I think the intuition for this is that you’re constructing a (possibly non-optimal) feerate diagram for L_G+L_B by taking the subsets L_G + \sum_{i=1}^j d_i and showing this is a better diagram than that of L. Because you can’t say anything about d_i (the bad parts of each chunk), you’re instead taking the first j chunks as a whole, which have a feerate of f or lower, and then the suffix of L_G that was missed, which has a feerate of f or high, which kinks the diagram up. Kinking the diagram up means this subset has a better diagram than the chunks up to and including c_j.
FWIW, I think this was the argument I was trying to make in my earlier comment but couldn’t quite get a hold of.

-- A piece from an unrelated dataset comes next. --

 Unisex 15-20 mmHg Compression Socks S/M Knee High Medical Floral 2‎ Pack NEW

I think the general point is just: L^* \ge L if (and only if?) for each \gamma_i (prefixes matching the optimal chunking of L) there exists a set of txs \zeta_i where \gamma_i \cup \zeta_i is a prefix of L^* and R(\zeta_i) \ge R(\gamma_i).

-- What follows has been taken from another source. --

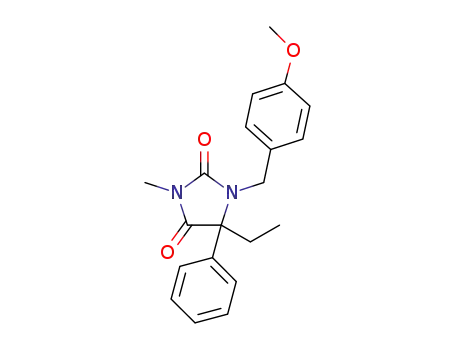 Molecular Structure of 1462367-31-2 (5-ethyl-1-[(4-methoxyphenyl)methyl]-3-methyl-5-phenylimidazolidine-2,4-dione)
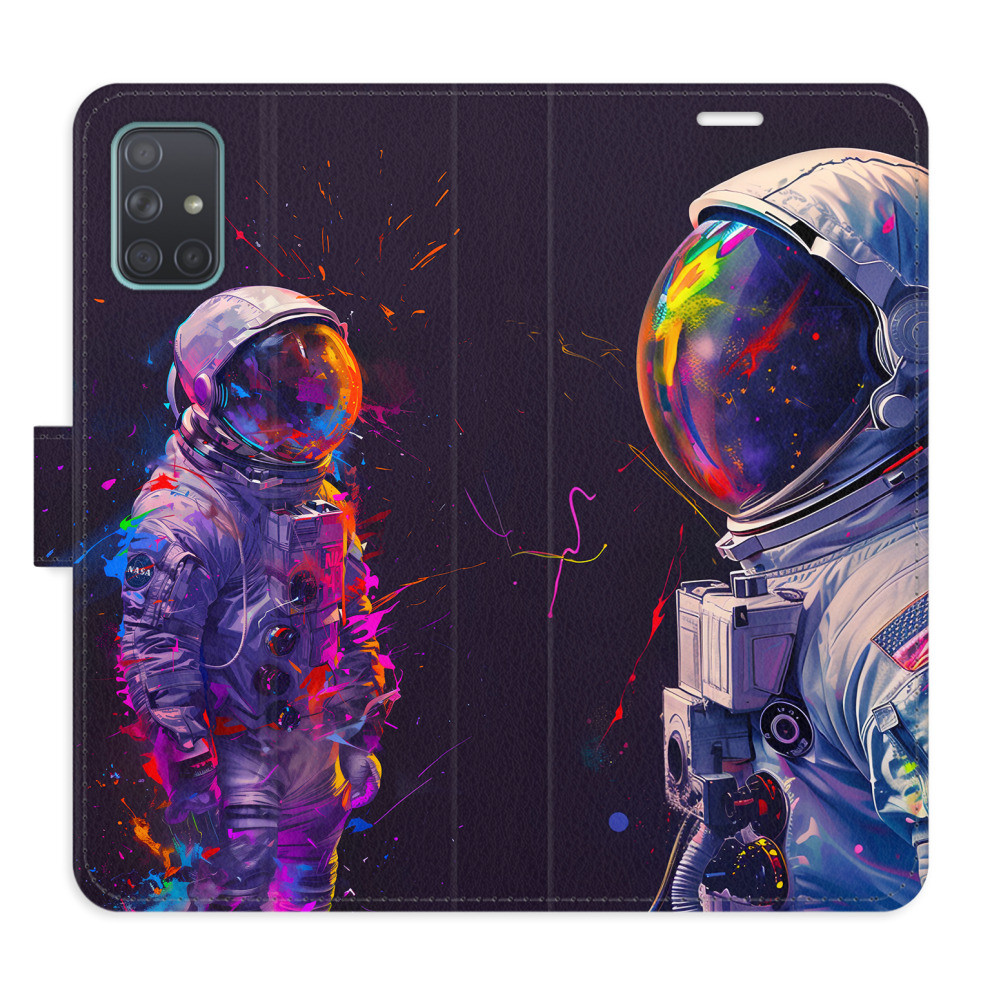 Flipové puzdro iSaprio - Neon Astronaut 02 - Samsung Galaxy A71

Ah! Actually, isn’t a better “diagram” to consider the ray from the origin to these P(\gamma_i) points in general, ie, for x=0...c_1 plot the y value as R(\gamma_1), for x=c_1..c_2 plot R(\gamma_2) etc. Then (I think) you still compare two diagrams by seeing if all the points on one are below all the points on the other; but have the result that for an optimal chunking, the line is monotonic decreasing, rather than concave.
Also, with that approach, to figure out the diagram for the optimal chunking, you just do the diagram for every tx chunked individually, it’s just f_{opt}(x) = \max(f(x^\prime), x^\prime \ge x).